CWGC issues apology for commemoration failures in WW1
The Commonwealth War Graves Commission (CWGC; cwgc.org) has apologised after a report found that up to 400,000 predominantly black and Asian casualties of the First World War were not properly commemorated.
The CWGC’s Special Committee to Review Historical Inequalities in Commemoration has published its final report. It said that between 116,000 and 350,000 casualties (mainly East African and Egyptian personnel) were not commemorated by name or possibly not commemorated at all, and between 45,000 and 54,000 casualties (predominantly Indian, East African, West African, Egyptian and Somali personnel) were commemorated unequally.
The report found that the CWGC’s policy of equality of treatment in death was “effectively achieved” in the European theatre of war but “had limits elsewhere”. It added: “In the 1920s, across Africa, the Middle East and India, imperial ideology influenced the operations of the IWGC [Imperial War Graves Commission, the original name of the CWGC] in a way that it did not in Europe, and the rules and principles that were sacred there were not always upheld elsewhere. As a result, contemporary attitudes towards non-European faiths and differing funerary rites, and an individual’s or group’s perceived ‘state of civilisation’, influenced their commemorative treatment in death.”
Examples include 38,696 Indian casualties commemorated on memorials by numbers rather than by name, and 2,692 West African and Chinese casualties in Nigeria, Sierra Leone and Hong Kong whose names were put on memorial registers but not inscribed on monuments.

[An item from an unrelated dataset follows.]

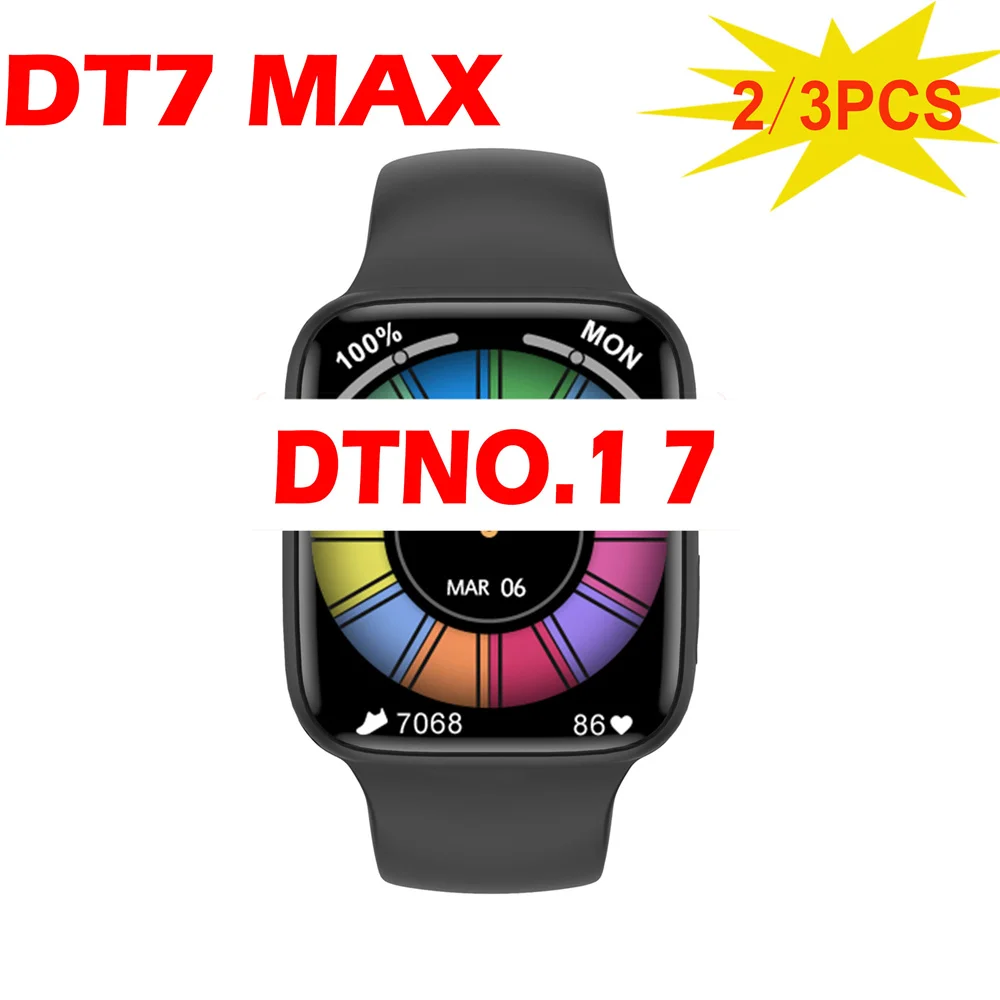 

2/3PCS DT No.1 7 DT7 MAX Smart Watch for Men Women NFC AI Voice Assistant BT Call GPS Track Heart Rate Sleep Monitor VS W27 Pro
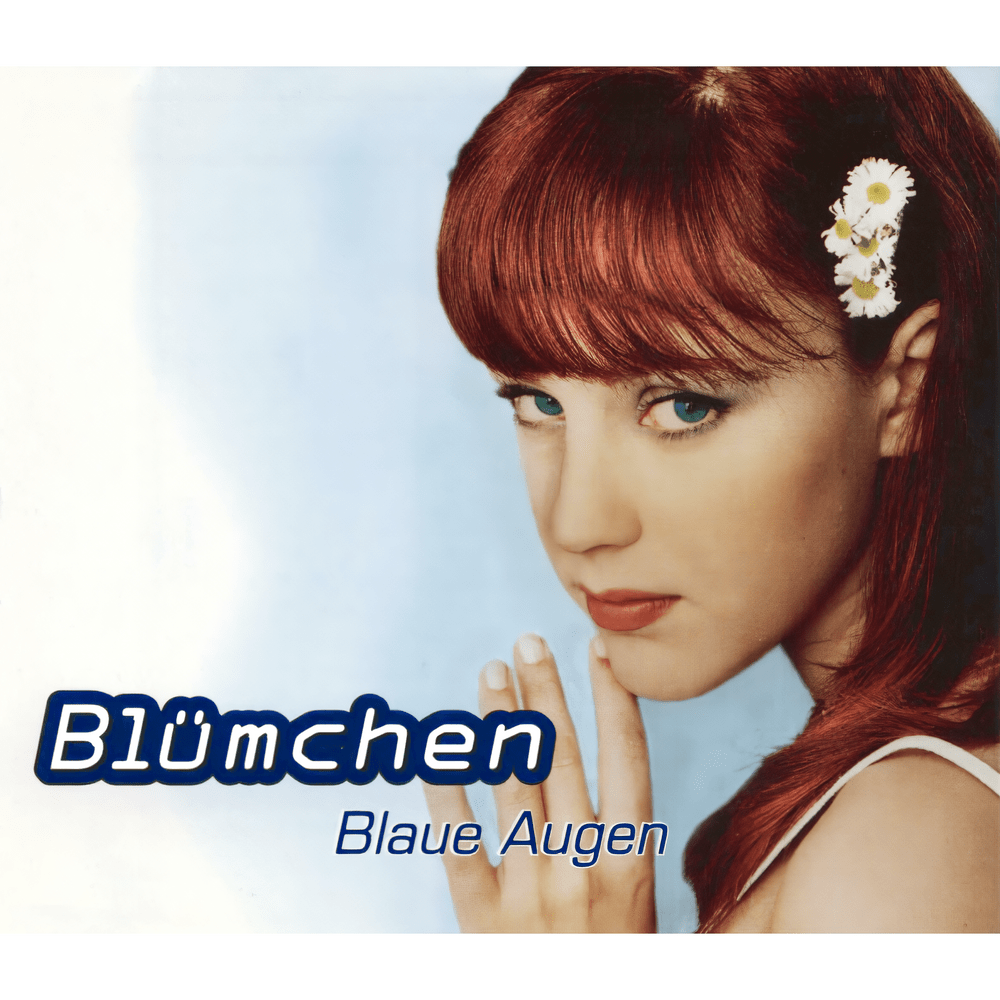 Album cover art for "Blaue Augen" by Blümchen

Claire Horton CBE, director general of the CWGC, responded: “The events of a century ago were wrong then and are wrong now. We are sorry for what happened and will act to right the wrongs of the past.”
The report’s authors recommended a series of steps for the CWGC to take, including an ongoing commitment to search for the unnamed war dead, the inscription of recovered names on existing memorials, and building new memorials or commemorative structures where appropriate.